Supplied records |
+++++
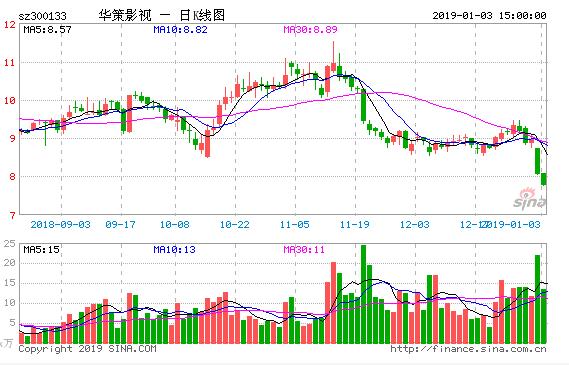 电影地球最后的夜晚什么意思,地球最后的夜晚免费观看完整版
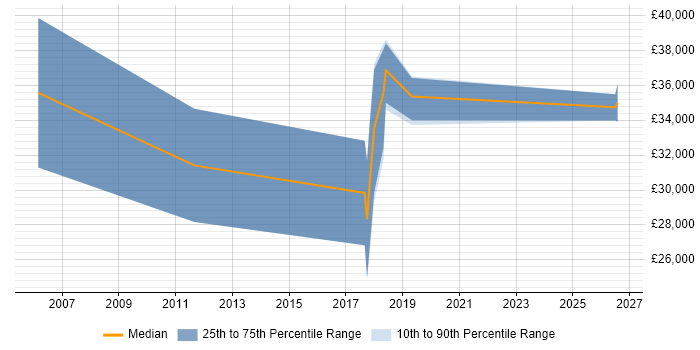 Salary distribution trend for jobs in Andover citing Google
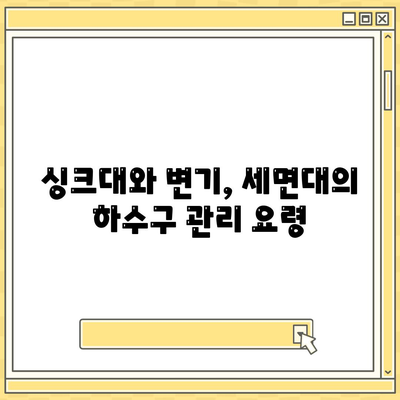 경상북도 영양군 청기면 하수구막힘 | 가격 | 비용 | 기름제거 | 싱크대 | 변기 | 세면대 | 역류 | 냄새차단 | 2024 후기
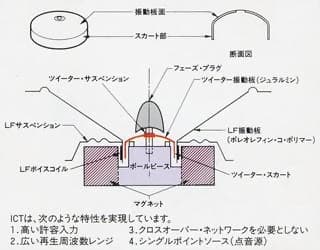 TANNOY CPA-5 美品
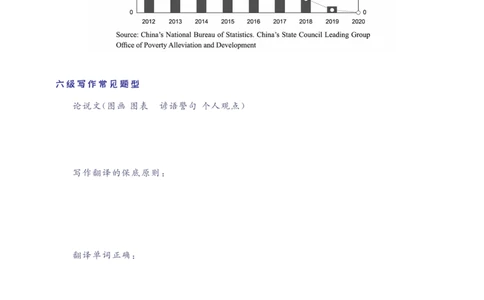 六级大雁英语保命班讲义(24年6月)_英语四六级保存避免失效_最新更新，视频都在这_2026，6月六级速转存易和谐_1、2025年6月六级_13.2026六级英语刘晓燕-保命班_六级保命班讲义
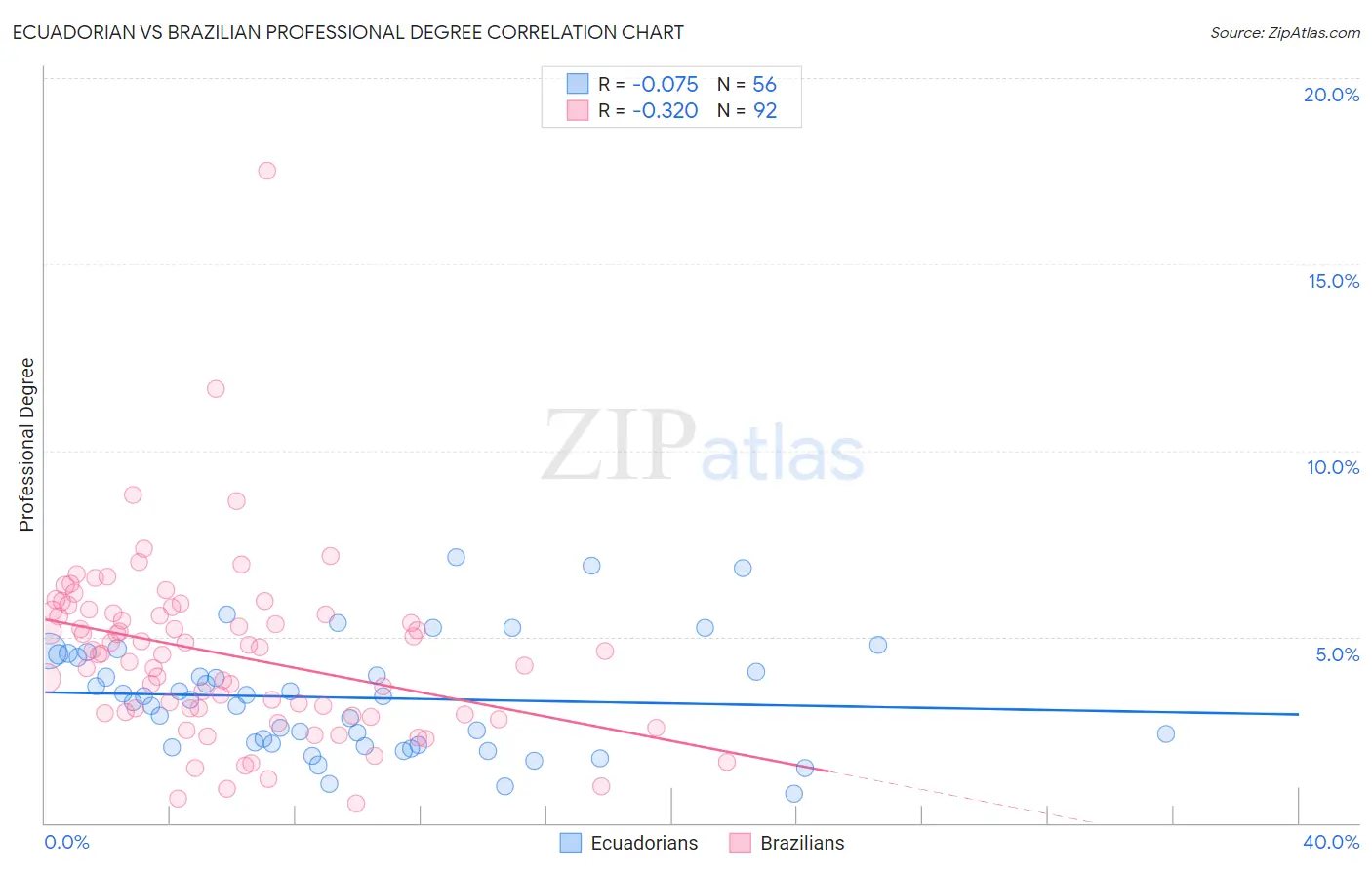 Ecuadorian vs Brazilian Professional Degree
+++++
Images stay out; everything else in the records must be given again exactly.

Response box |
 电影地球最后的夜晚什么意思,地球最后的夜晚免费观看完整版
 Salary distribution trend for jobs in Andover citing Google
 경상북도 영양군 청기면 하수구막힘 | 가격 | 비용 | 기름제거 | 싱크대 | 변기 | 세면대 | 역류 | 냄새차단 | 2024 후기
 TANNOY CPA-5 美品
 六级大雁英语保命班讲义(24年6月)_英语四六级保存避免失效_最新更新，视频都在这_2026，6月六级速转存易和谐_1、2025年6月六级_13.2026六级英语刘晓燕-保命班_六级保命班讲义
 Ecuadorian vs Brazilian Professional Degree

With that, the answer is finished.